Enhanced supercomputing capacity supports the Met Office Hadley Centre Climate Programme 

In 2022, new supercomputing infrastructure will provide enhanced supercomputing capacity and performance to support our weather and climate operational and research workloads for the next decade. This new supercomputing capability will unleash the full potential of the Met Office’s global expertise in climate science and address these important questions to ensure government, industry and communities are better prepared for our changing climate. It will do this through: 

  1. Enhanced climate monitoring capability of greenhouse gases and attributing climate changes to causes. Monitoring of key climate indicators: past, present and early warning of future changes. 

  1. Improved quantification of global carbon budgets to assess feasibility of pathways in adherence to the 2015 Paris Agreement. 

  1. Advanced seasonal to decadal predictions to aid risk-based decision making and planning.   

  1. Revised climate projections to inform mitigation and adaptation planning. 

  1. Decision relevant impact-based projections for climate resilient pathways that will inform Government policy as part of the UK’s fight against climate change, and its efforts to reach net zero by 2050. 

  1. Core infrastructure contributing to National Climate Capability, making data and knowledge more accessible, relevant and usable for policy makers and planners.   


Building on previous success of the Met Office Hadley Centre Climate Programme 

Funded by the Department of Business, Energy and Industrial Strategy (BEIS), with input from other Government Departments, the new programme builds on the successful developments from the previous programme (2018-2021).

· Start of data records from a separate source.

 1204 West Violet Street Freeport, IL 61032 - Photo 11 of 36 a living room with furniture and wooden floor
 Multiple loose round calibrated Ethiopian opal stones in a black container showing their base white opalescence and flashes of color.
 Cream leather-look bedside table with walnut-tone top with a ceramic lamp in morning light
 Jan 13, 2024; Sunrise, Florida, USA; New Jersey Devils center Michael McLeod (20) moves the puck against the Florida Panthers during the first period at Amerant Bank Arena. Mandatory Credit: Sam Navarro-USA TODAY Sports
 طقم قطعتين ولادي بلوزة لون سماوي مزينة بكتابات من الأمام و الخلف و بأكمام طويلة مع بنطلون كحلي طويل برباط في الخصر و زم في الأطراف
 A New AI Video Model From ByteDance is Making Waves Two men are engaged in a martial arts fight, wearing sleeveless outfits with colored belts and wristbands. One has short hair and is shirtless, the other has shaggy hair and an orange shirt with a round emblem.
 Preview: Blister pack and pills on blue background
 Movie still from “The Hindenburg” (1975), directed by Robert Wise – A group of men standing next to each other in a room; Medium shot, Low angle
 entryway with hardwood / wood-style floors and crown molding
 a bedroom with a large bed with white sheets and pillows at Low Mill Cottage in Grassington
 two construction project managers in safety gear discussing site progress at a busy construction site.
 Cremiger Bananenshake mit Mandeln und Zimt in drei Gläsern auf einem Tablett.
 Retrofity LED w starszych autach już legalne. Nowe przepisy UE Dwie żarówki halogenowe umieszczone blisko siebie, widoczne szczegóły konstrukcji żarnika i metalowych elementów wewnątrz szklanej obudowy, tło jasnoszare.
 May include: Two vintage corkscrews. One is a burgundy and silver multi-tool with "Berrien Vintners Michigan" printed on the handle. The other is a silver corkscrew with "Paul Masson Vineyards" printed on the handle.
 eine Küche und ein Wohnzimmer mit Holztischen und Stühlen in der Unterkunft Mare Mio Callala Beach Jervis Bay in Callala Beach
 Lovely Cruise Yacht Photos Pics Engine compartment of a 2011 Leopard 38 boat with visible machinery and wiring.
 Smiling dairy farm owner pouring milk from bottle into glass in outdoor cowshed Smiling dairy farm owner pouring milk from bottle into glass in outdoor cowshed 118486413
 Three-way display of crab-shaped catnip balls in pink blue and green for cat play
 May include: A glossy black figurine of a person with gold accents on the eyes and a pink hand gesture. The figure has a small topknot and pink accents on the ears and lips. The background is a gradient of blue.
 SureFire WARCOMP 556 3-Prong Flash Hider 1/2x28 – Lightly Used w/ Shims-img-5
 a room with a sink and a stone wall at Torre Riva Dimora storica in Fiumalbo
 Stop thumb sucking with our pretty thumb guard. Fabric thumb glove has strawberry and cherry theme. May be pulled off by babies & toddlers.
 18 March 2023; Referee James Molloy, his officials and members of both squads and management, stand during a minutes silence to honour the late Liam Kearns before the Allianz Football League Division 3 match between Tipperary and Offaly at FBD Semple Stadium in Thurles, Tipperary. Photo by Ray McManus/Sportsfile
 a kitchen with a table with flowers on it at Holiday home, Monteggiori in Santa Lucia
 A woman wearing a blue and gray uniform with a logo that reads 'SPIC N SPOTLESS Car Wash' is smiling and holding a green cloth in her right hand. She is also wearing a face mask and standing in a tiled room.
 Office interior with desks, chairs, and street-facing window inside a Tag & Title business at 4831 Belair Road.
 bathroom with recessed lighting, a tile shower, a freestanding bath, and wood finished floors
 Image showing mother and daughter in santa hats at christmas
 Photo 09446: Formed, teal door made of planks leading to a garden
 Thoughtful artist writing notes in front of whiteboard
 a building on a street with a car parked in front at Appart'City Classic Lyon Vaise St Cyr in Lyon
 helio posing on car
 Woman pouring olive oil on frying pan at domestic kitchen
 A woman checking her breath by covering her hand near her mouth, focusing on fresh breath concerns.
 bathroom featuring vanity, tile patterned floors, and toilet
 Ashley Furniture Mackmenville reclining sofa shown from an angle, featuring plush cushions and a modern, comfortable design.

These developments reflect the changing drivers of climate science resulting from the Paris Agreement. They include: 

  • Moving from proving that climate change is happening and predictable to monitoring, understanding and supporting decision-makers with the management of current and future weather and climate hazards and risks. 

  • Informing the development of strategies for lowering greenhouse gas emissions to avoid the most dangerous impacts of climate change. 

  • Assessing the risk of abrupt, potentially irreversible, Earth system change (including so-called tipping points). 

  • Detail on how global warming translates into local-scale changes in future climate projections for weather and climate extremes, such as windstorms, heat waves and coastal and inland flooding events. 

Global climate is projected to continue to change over this century and beyond and the Met Office Hadley Centre has a vital role to play in providing the relevant scientific evidence required for climate action to avoid the worst impacts of climate change for future generations. The Hadley Centre Climate Programme 2021+ will inform services to help the UK Government and policy decision-makers globally address the societal challenges of climate change and build a more resilient net zero future.